Assignment #1 Description


This assignment is intended to help give you something to do to get up to speed in C++ while you also lay the foundation for what you will be doing in Java.

C++: For the C++ section I want you to do the following things. The final code that you submit doesn't have to show your iterations of building things up, just final implementations. There are three requirements on these classes and you will have a total of at least four class. (1) Write an array based stack and an array based queue. (2) Write a list based stack and a list based queue. (3) Template them so that they can used with any type. In addition to writing the classes that implement these things you will also need to write a function that you can pass a stack to and do something with it as well as one that you can pass a queue to and do something with it. Those functions can be part of your test suite that you turn in before the implementations.

For extra credit: make pure virtual base classes Stack and Queue that the implementations are derived from. It is also worth extra credit if your array based versions grow dynamically using new and delete for memory allocation. Make sure to note that I should look for the extra credit in the comments in your code.

 

Java: The the Java part you are doing something that is a fair bit more detailed, I want you to write a simple web spider. The idea is that the user should be able to give the program a URL on the command line. The program should then go find all the sites that page links to and all the sites those sites link to, etc. Because that can basically go on forever, I don't want you to visit any sites that aren't "below" the original site. To make sure it is working, just have your program print out a URL every time you find one, whether you will visit it or not. Make sure you don't revisit any URLs because this can lead to infinite loops.

So if I were to enter in "java pda.group1.assn1 http://www.trinity.edu/", your program would print out every web page that page links to. It would also go to each of those pages that are in subdirectories of www.trinity.edu and print out all of their links. I should warn you that this takes a while because Dr. Jensen in Business Administration has a LOT of web pages out there.

In order to do this you will make extensive use of the URL class in java.net. It has nice constructors that help you deal with creating relative links. This is nice because that can be a real pain. You only need to deal with links from tags of the form <a href="link">.

Only worry about things that the Java URL class deals well with. If it throws an IOException when you create it or when you try to read it then just ignore that link. Also, don't keep the anchors in a link. An anchor is the part after a "#" in a URL. They just point to different parts of the same page so there is no point in reading those in multiple times for this program. To keep things short, you should also exclude links that end with".jpg",".gif", ".png", ".txt", or ".pdf" either lowercase or uppercase. We will probably extend this last bit of functionality later on.

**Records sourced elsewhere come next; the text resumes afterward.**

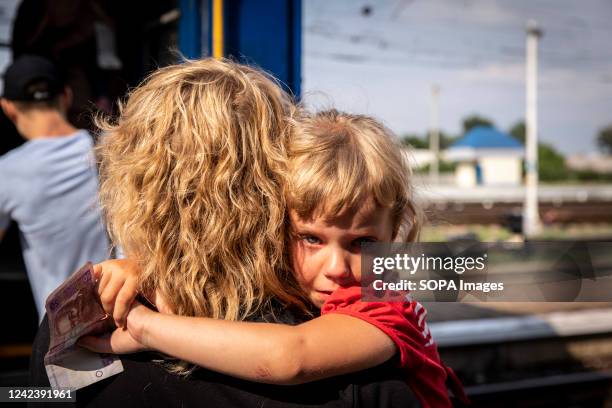 Little girl cries as she boards the evacuation train with her mother at the Pokrovsk Train Station. As fighting intensifies in eastern Ukraine, the...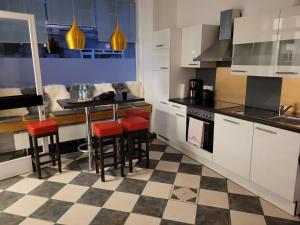 a kitchen with white cabinets and red bar stools at Hafen Deern in Flensburg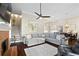 Open-concept living room with a cozy fireplace, a gray sofa, and views of the dining area at 4121 N Swann St, Covington, GA 30014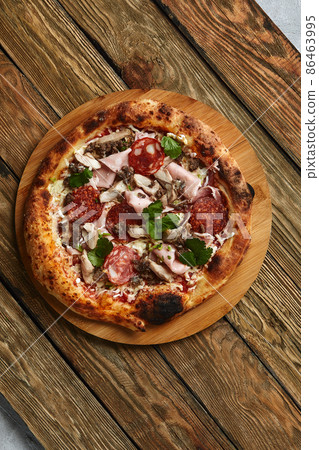 Meat Italian pizza with roast beef, steak slices, melted cheese, with olive slices and cheddar cheese. Close up, macro. Pizza time concept. Meat Italian pizza with roast beef, steak slices, melted cheese, with olive slices and cheddar cheese. Close up, macro. Pizza time concept. 86463995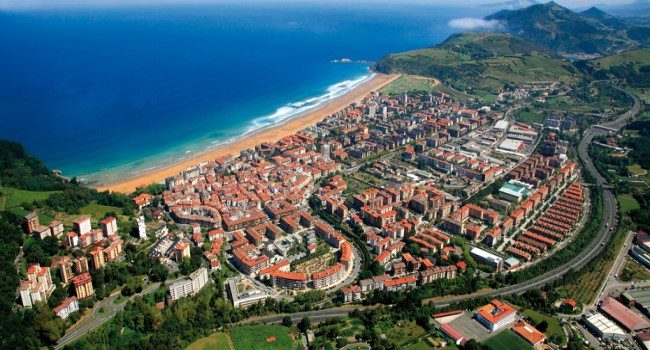 Vista aérea de un pueblo costero con playa y montañas alrededor en Gipúzkoa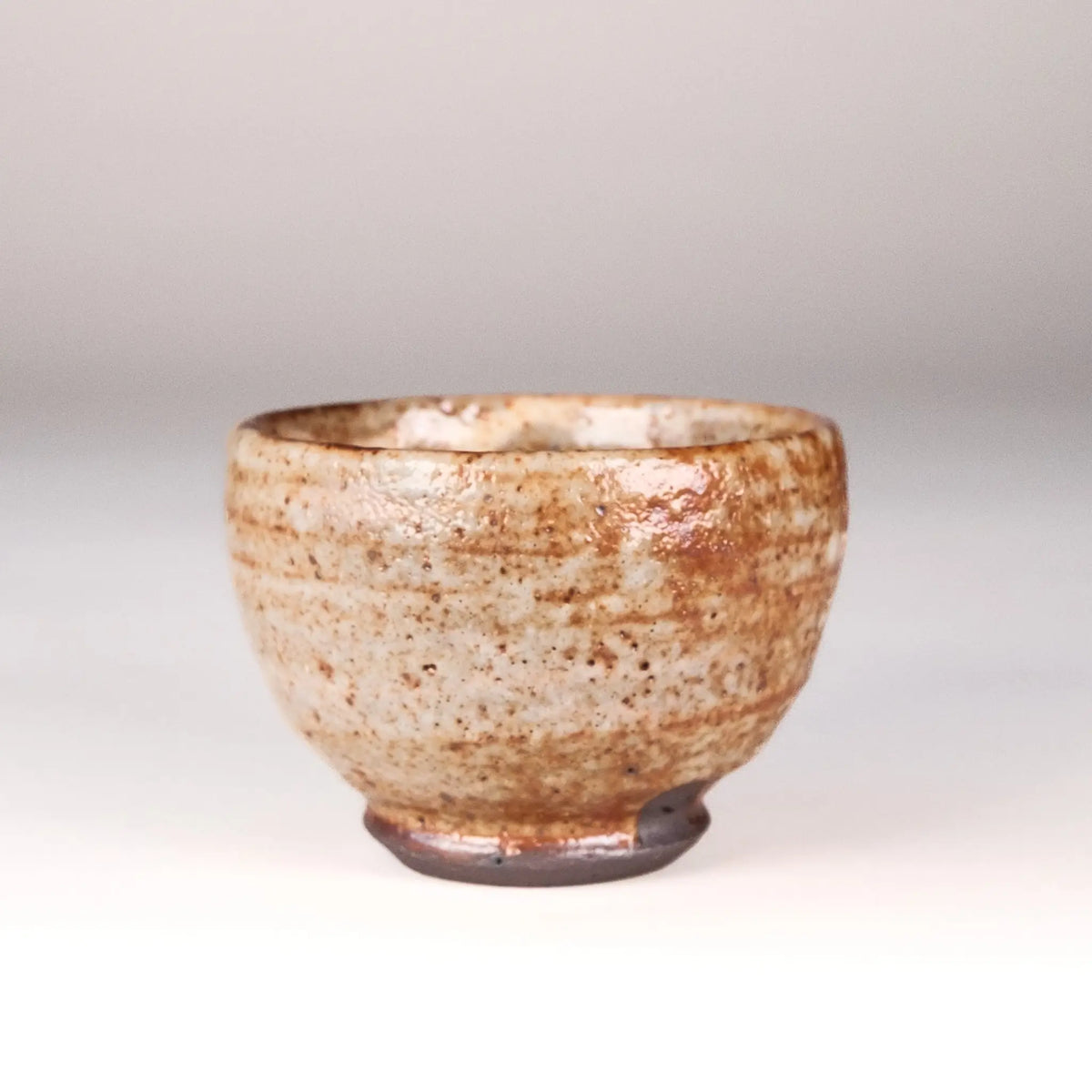 Ceramic cup with speckled glaze on a plain background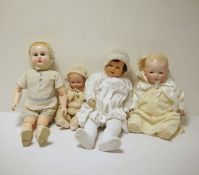 Two composition baby dolls, a bisque headed baby doll with painted features and a composition doll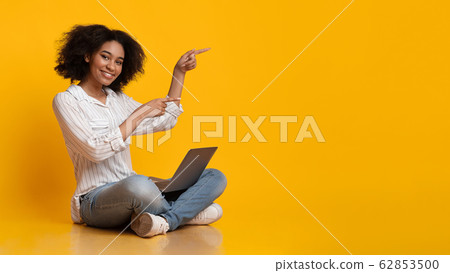 Cheerful Afro Girl Sitting On Floor With Laptop And Pointing Aside Cheerful Afro Girl Sitting On Floor With Laptop And Pointing Aside 62853500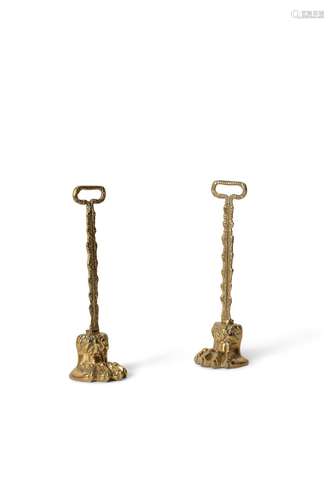 A pair of Regency brass door porters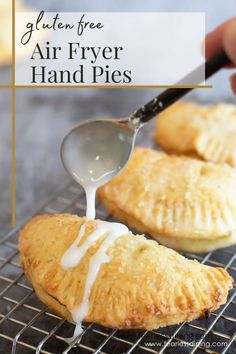 gluten free air fryer hand pies on a cooling rack with a spoon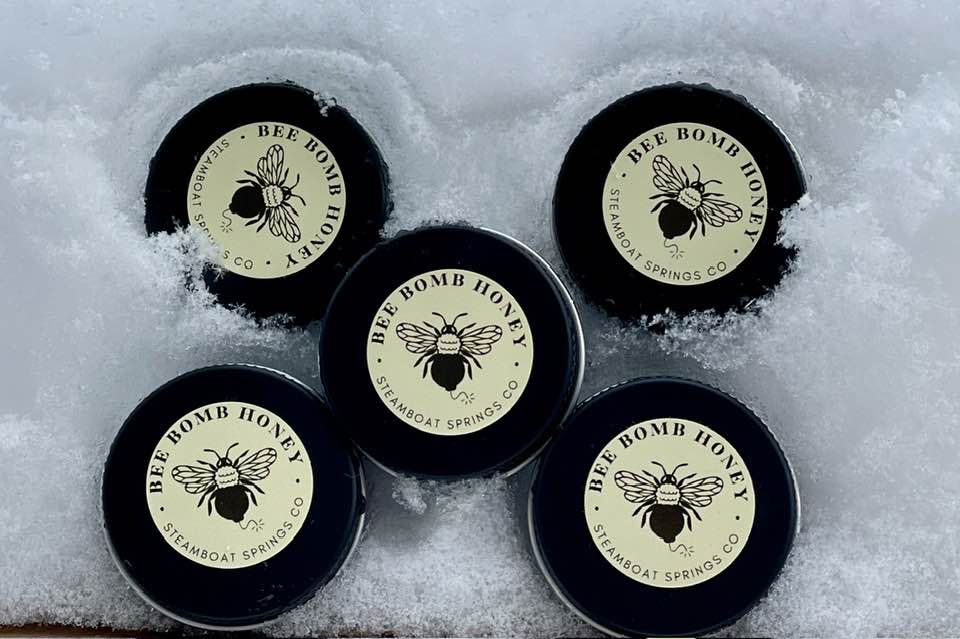 Five Bee Bomb Honey lip balm tins arranged in snow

For testing purposes you could try the course homepage "http://www.cs.trinity.edu/~mlewis/CSCI2320-F03/" which is pretty small. To go up a bit you can drop off the course name as the end and do my entire site. A slightly bigger site is Dr. Howland's where mlewis is replaced with jhowland. If you want a real challenge try the Trinity CS or the full Trinity site. (Note that the Trinity CS site is not a subset of the Trinity site because the machine names are different.) You can also try some companies if you want. Let me know if you find some places that are interesting.

For extra credit on the Java part, you can write your code so that it will load and parse websites in parallel. You can make the number of threads fixed or have it be a user option, but make sure I know how to set it. I should note that doing this will require that you do some synchronization because the different threads will almost certainly be working on the same datasets. I suggest this because having threads here can make your program go much faster if it is run on a site with any significant lag time (anything off campus for example). The reason is that when one thread is paused waiting for data from the site, another one can be parsing the data it has already or requesting a different page.